La strategia degli undercut e degli overcut è tornata centrale, con alcuni team che hanno tentato mosse audaci per guadagnare posizioni. Protagonista indiscusso, ancora una volta, Max Verstappen, la cui freddezza in condizioni critiche ha impressionato addetti ai lavori e appassionati. Dietro di lui però la battaglia è stata serratissima: Ferrari ha provato più volte l’attacco, ma la difesa di Red Bull e il sapiente uso del DRS hanno tenuto Leclerc sotto scacco, mentre Russell su Mercedes e Piastri su McLaren si sono esibiti in duelli elettrizzanti che hanno strappato applausi al pubblico nipponico.

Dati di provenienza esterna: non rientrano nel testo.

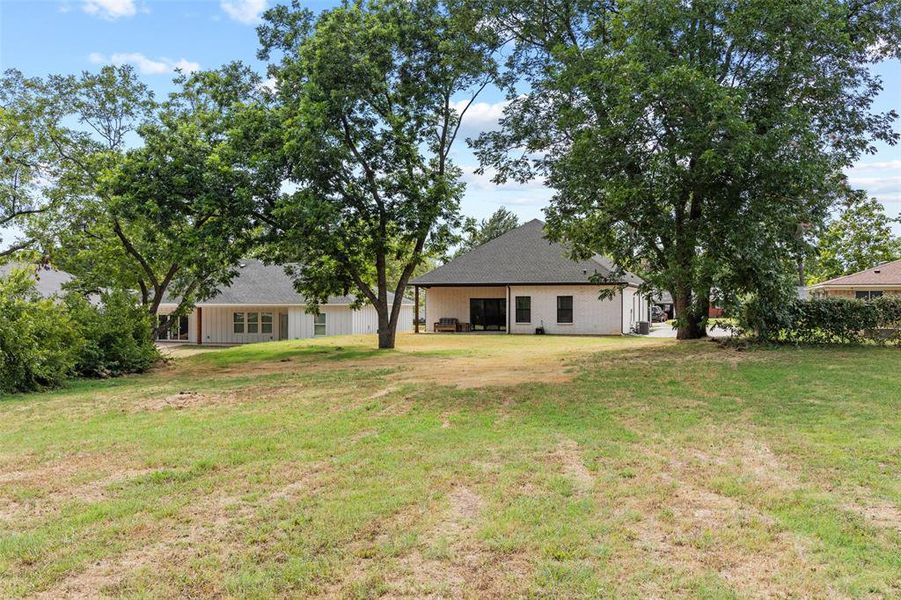 Expansive rear yard featuring mature trees and a white exterior home with a dark shingle roof and covered patio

Sebbene la Red Bull abbia nuovamente consolidato la sua posizione in testa alla classifica costruttori, non sono mancati segnali importanti: la Ferrari appare sempre più vicina, con sviluppo costante e un Leclerc mai così aggressivo e motivato. La McLaren ha confermato la bontà del suo progetto, mentre Mercedes sta finalmente raccogliendo i frutti di un impegno instancabile nel riallinearsi ai vertici della categoria. Sorprende anche la progressione dell’Aston Martin, con Fernando Alonso che, nonostante qualche difficoltà iniziale, ha regalato lampi di classe con sorpassi magistrali.
Tra i punti salienti della gara va sicuramente ricordato il pit stop fulmineo di Ferrari, tra i più veloci della stagione, e una safety car che ha rimescolato le carte poco oltre metà gara, rilanciando le possibilità per i team che avevano rischiato con strategie alternative. Gli ultimi giri hanno visto una tensione altissima, con distacchi ridottissimi e piloti al limite dell’aderenza mentre la pioggia ricominciava a cadere proprio sotto la bandiera a scacchi.
Il Gran Premio del Giappone 2026 non ha tradito le aspettative: spettacolo, colpi di scena, battaglie ruota a ruota e sorpassi da manuale di piloti che non hanno mai smesso di credere nel proprio potenziale. Suzuka conferma il suo ruolo fondamentale nel raccontare la storia del motorsport, e quest’edizione si è distinta per la qualità della guida, l’audacia delle strategie e una cornice di pubblico semplicemente impareggiabile. I fan della Formula 1 sanno che, dopo una gara così, il campionato è ancora tutto da scrivere e i prossimi appuntamenti promettono scintille.